BRüSSEL (AFP)--Nach der umstrittenen Präsidentschaftswahl in Belarus wollen die EU-Außenminister am Freitag bei einer außerordentlichen Sitzung über mögliche Sanktionen gegen die Führung des Landes beraten. Bei der Videokonferenz stünden außerdem weitere "dringende Angelegenheiten" wie der Streit über die türkischen Öl- und Gas-Bohrungen im östlichen Mittelmeer sowie die Entwicklungen nach der Explosionskatastrophe in Beirut auf der Agenda, erklärte der EU-Außenbeauftragte Josep Borrell am Mittwoch.
In einer gemeinsamen Erklärung hatten die EU-Mitgliedstaaten die Präsidentschaftswahl in Belarus am Dienstag als "weder frei noch fair" verurteilt und angekündigt, die Beziehungen der EU zu dem Land auf den "Prüfstand" zu stellen. In der Erklärung wurden auch Gewalt gegen regierungskritische Demonstranten und willkürliche Festnahmen angeprangert.

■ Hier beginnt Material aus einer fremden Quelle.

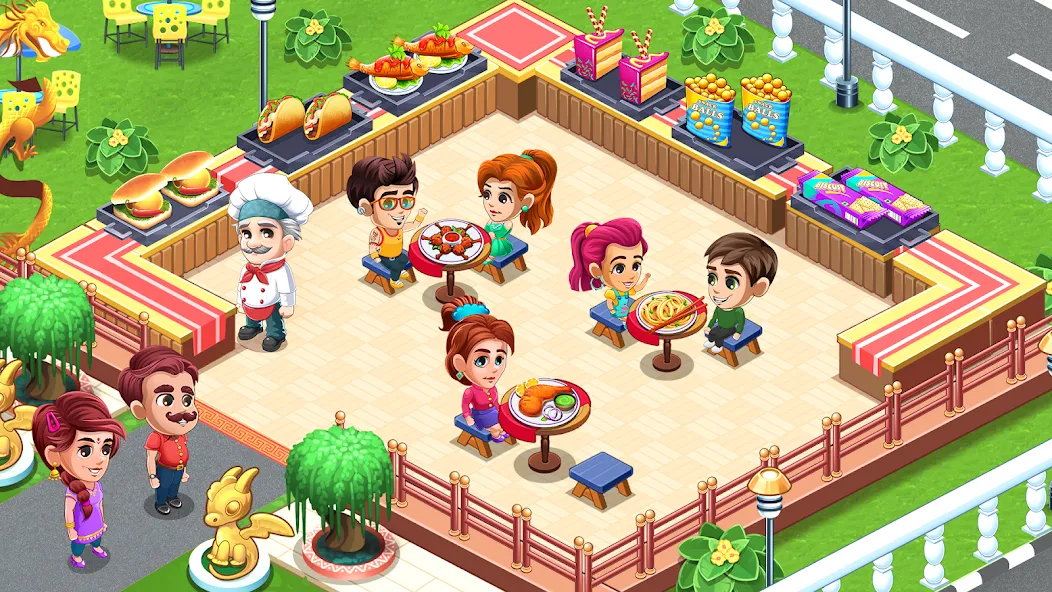 Cooking Restaurant Kitchen [MOD: безлимитные деньги и все блюда открыты] Screenshot 4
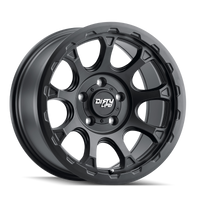 Dirty Life 9307 Drifter 17x8.5/5x127 BP/-6mm Offset/78.1mm Hub Matte Black Wheel - Beadlock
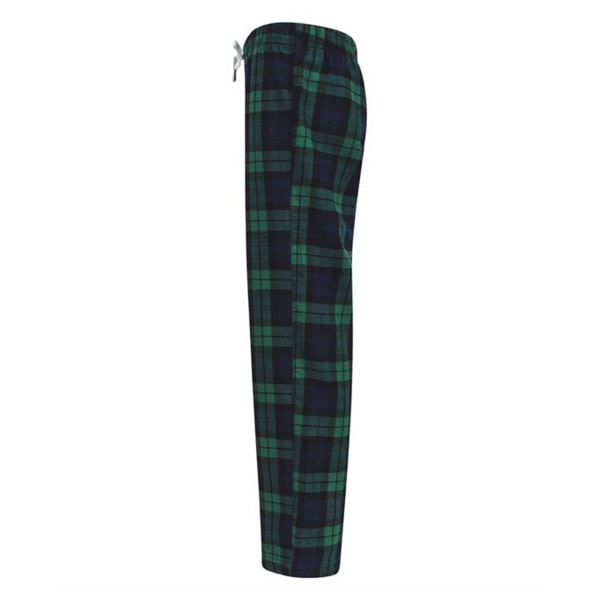 Kids Tartan Lounge Pants Navy Green Checks Size 9-10 Years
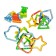 Developing game according to the methodology "Montessori. New Year's figures"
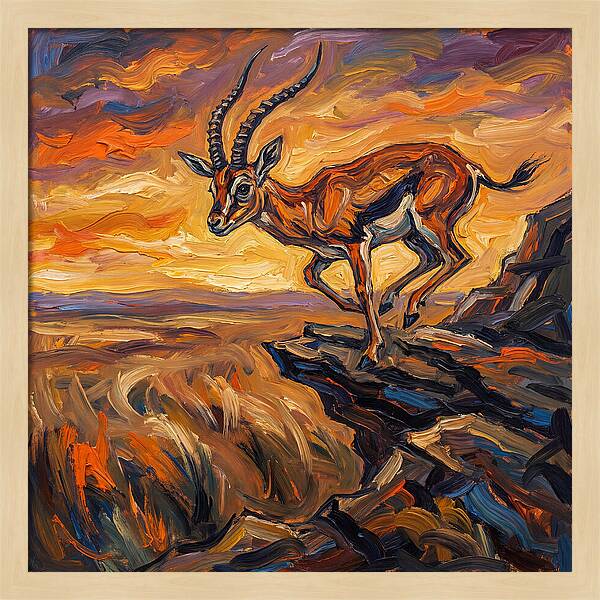 Gazelle On The Edge
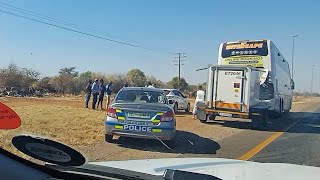 Intercape bus broken down next to N14 near Kuruman in South Africa [upl. by Arekat]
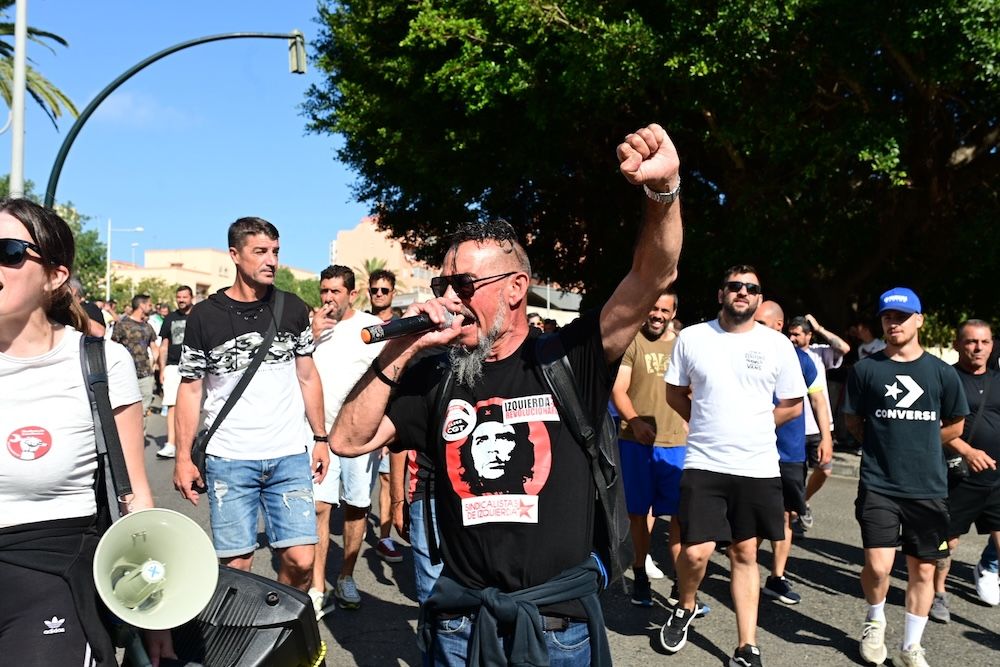 Un momento de las protestas del metal en Cádiz, esta semana.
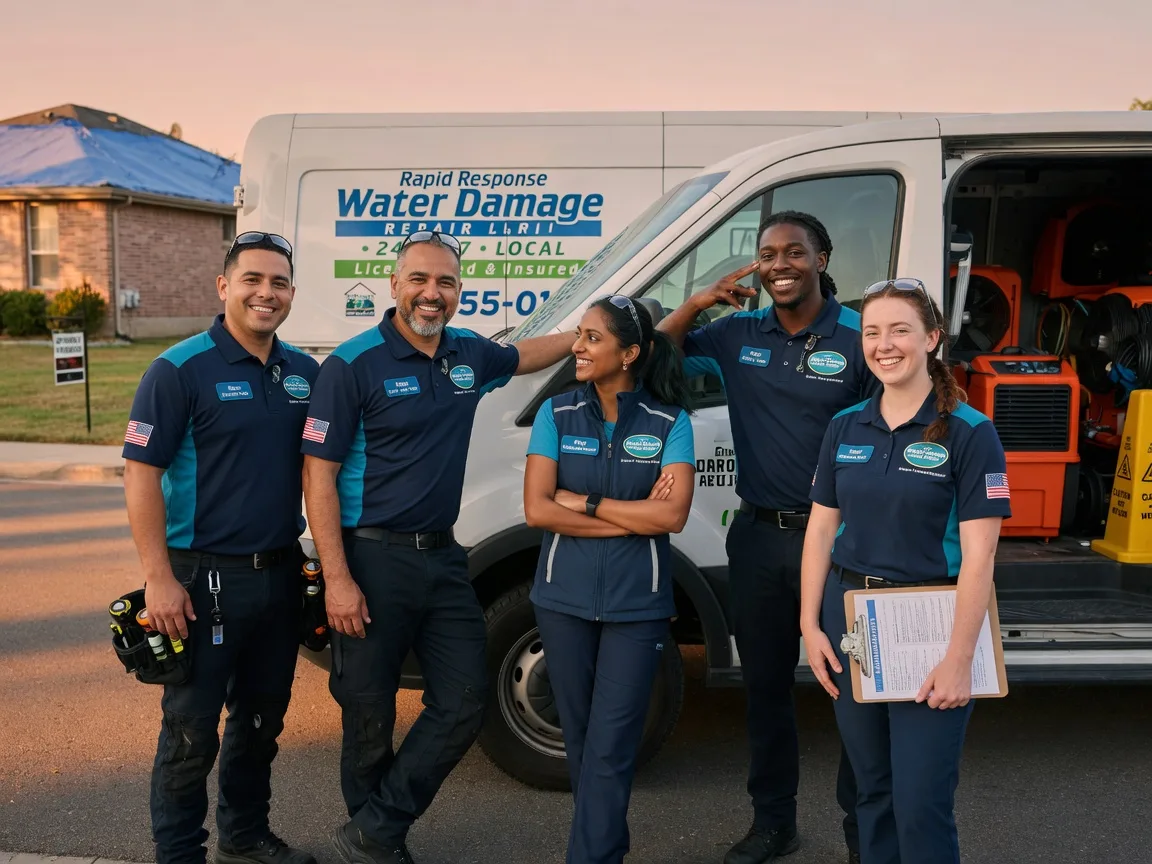 Water Damage Restoration company in De Leon, TX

Laut dem amtlichen Wahlergebnis in Belarus hatte der seit 26 Jahren autoritär regierende Staatschef Alexander Lukaschenko bei der Präsidentschaftswahl am Sonntag mehr als 80 Prozent der Stimmen geholt, seine Hauptrivalin Swetlana Tichanowskaja kam demnach auf nur rund 10 Prozent. Die Opposition erkannte das Ergebnis nicht an und warf der Regierung massiven Wahlbetrug vor.
Seit Tagen gibt es in Belarus heftige Proteste, gegen die Sicherheitskräfte gewaltsam vorgehen. Mit Blick auf die Gewalt gegen die Demonstranten und den mutmaßlichen Wahlbetrug hatte Bundesaußenminister Heiko Maas (SPD) eine Debatte über die Wiederverhängung von Sanktionen gegen Belarus gefordert.
Da die Minister nur per Videoschalte zusammenkommen, können sie keine politische Entscheidungen treffen. Allerdings könnten sie die EU-Kommission mit der Prüfung verschiedener Sanktionsmöglichkeiten beauftragen. "Das würde den Prozess beschleunigen, konkrete Maßnahmen zu beschließen", hieß es aus EU-Kreisen. Das nächste reguläre Treffen der EU-Außenminister soll am 27. und 28. August in Berlin stattfinden. Bei dem Treffen soll der Gipfel der Staats- und Regierungschefs am 24. und 25. September in Brüssel vorbereitet werden.
Die Beziehungen zwischen der EU und mehreren Drittstaaten sind derzeit stark belastet. Immer weiter zu spitzte sich zuletzt der Streit zwischen Brüssel und der Regierung in Ankara wegen der türkischen Gas- und Öl-Bohrungen im östlichen Mittelmeer. Als Reaktion auf die Entsendung eines türkischen Erkundungsschiffs vor die griechische Küste hatte die Regierung in Athen am Dienstag ein Treffen der EU-Außenminister gefordert.
Der griechische Außenminister Nikos Dendias will sich am Freitag zudem mit seinem US-Amtskollegen Mike Pompeo in Wien treffen, um über die Situation im östlichen Mittelmeer und die "wachsende Provokation" durch den Nato-Partner Türkei zu sprechen.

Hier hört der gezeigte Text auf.